Yesterday, I spent the good part of the day with the ACI and finally have a good fix that makes it far more robust without changing the board layout. In the past I had discovered that the Apple II cassette interface is far more reliable than the Apple 1 was. I did spice simulations of both and quite a bit of fooling around with the actual ACI in order to see if I could figure out the problem. The best improvement I could come up with, was to add a low pass filter on the input. This was done by adding a .01uF cap between the input side of the comparator and ground.
In revisiting the ACI yesterday, I finally discovered the real difference in the design that makes the Apple II so much more reliable. The Apple II uses a .1uF capacitor for input coupling versus a .01uF on the ACI. When I looked at this in the past, I must have forgotten to make this change when evaluating the designs with spice. This change provides a lot more noise immunity in the comparator inputs.
Here is the ACI input signal with the stock .01uF input coupling capacitor. The source of the signal is the 1HZ tone (all ones) at the front of Wendell Sanders Hammerabi clip being played from an iPod with the equalizer set to “treble reducer”. All signals are displayed at .5 volts/division on this page.
In the image, above, the input is the bottom signal and top signal is how it is presented to the comparator input after passing through the capacitor. Note how the signal spikes and then returns to the value set by the 10K resistors.

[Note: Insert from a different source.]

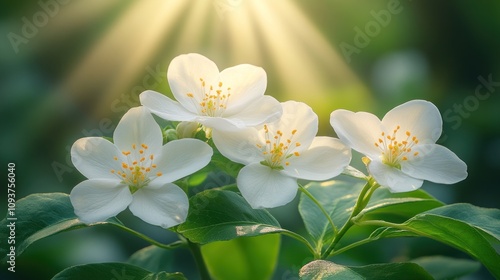 Four white blossoms backlit by sunlight.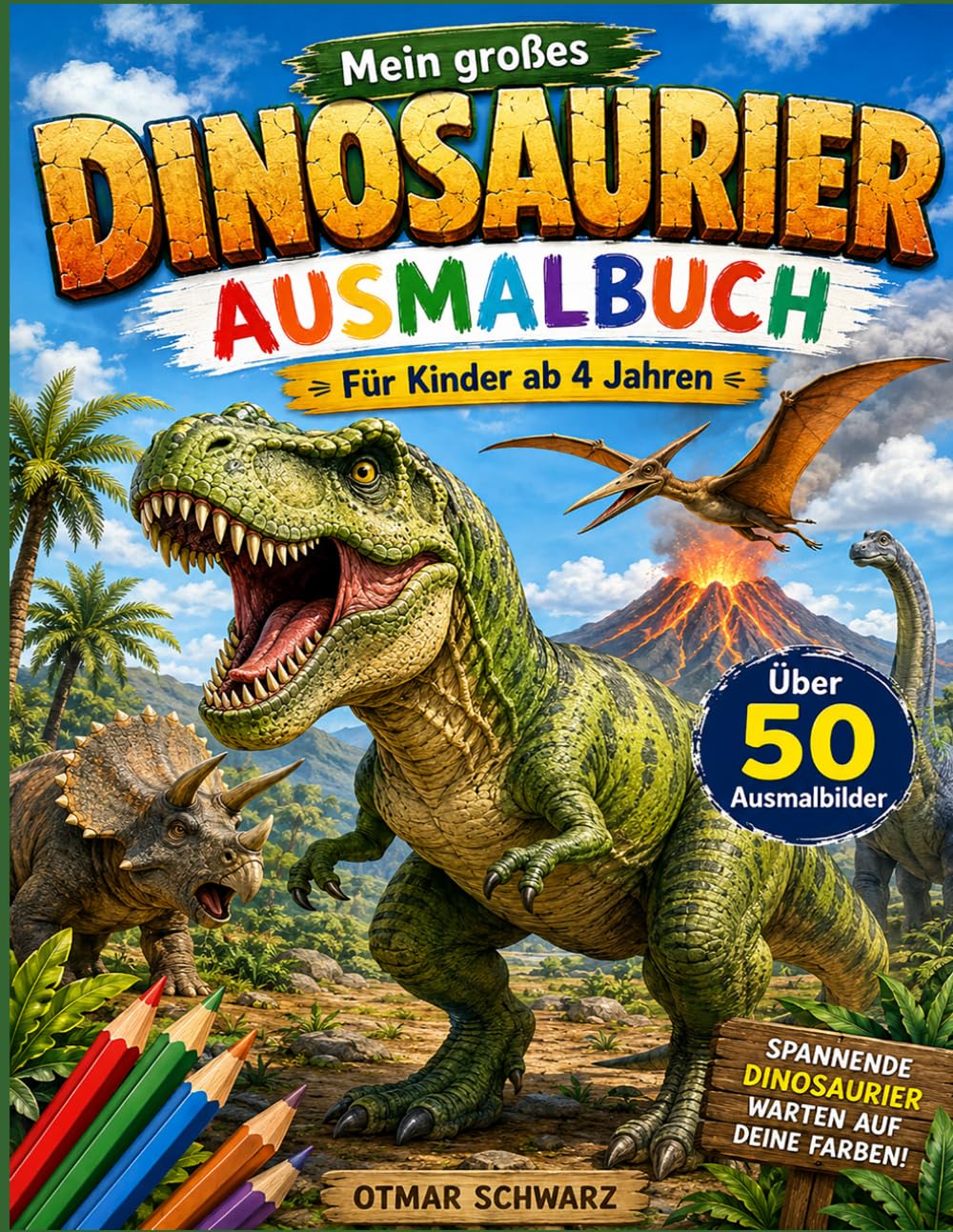 Mein großes Dinosaurier Ausmalbuch: Spannende Dinosaurier warten auf Deine Farben (Ausmalbücher)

Above is the same input and output signals with a .1uF capacitor. The signal follows the shape of the input waveform much more closely. The bottom trace is input signal and is the same as in the first image. The top trace is input to comparator after passing through cap. Note how the extra capacitance prevents the resistors from quickly returning to the base value set by the resistors.
This image shows both inputs to the comparator with the stock .01uF capacitor. Spiky looking trace is input signal to comparator (same signal as seen in first image). Other trace is reference signal with hysterisis. The reference signal is pulled up and down slightly as the comparator switches state to prevent instability. This results in the square wave.
In the picture above, the output switches state when input signal (more spiky looking signal) passes the level of the reference signal as can be plainly seen in this image. The problem with this design is the limited amount of room between the input and the reference, any input noise with an amplitude of around .2 volts or more may be enough to trigger a switch in output levels.
Unless you are interested in maintaining complete commonality with the original Apple 1, I highly recommend using a .1uF capacitor in your replica cassette interface instead of the .01uF used in the original design. Keep in mind that the folks at Apple recognized this improvement before coming out with the Apple II, as that design includes .1uF cap for this application.
Since I was using a clone ACI, built with components based on the schematics, I wondered if Apple actually shipped with .1uF caps on the ACI. I exchanged a couple of emails with Wendell Sander. He confirmed that the schematics are correct and the Apple ACI did indeed ship with a .01uF caps. He also confirmed that he had independently come to the same conclusion regarding the reliability improvement that could be attained with a .1uF cap.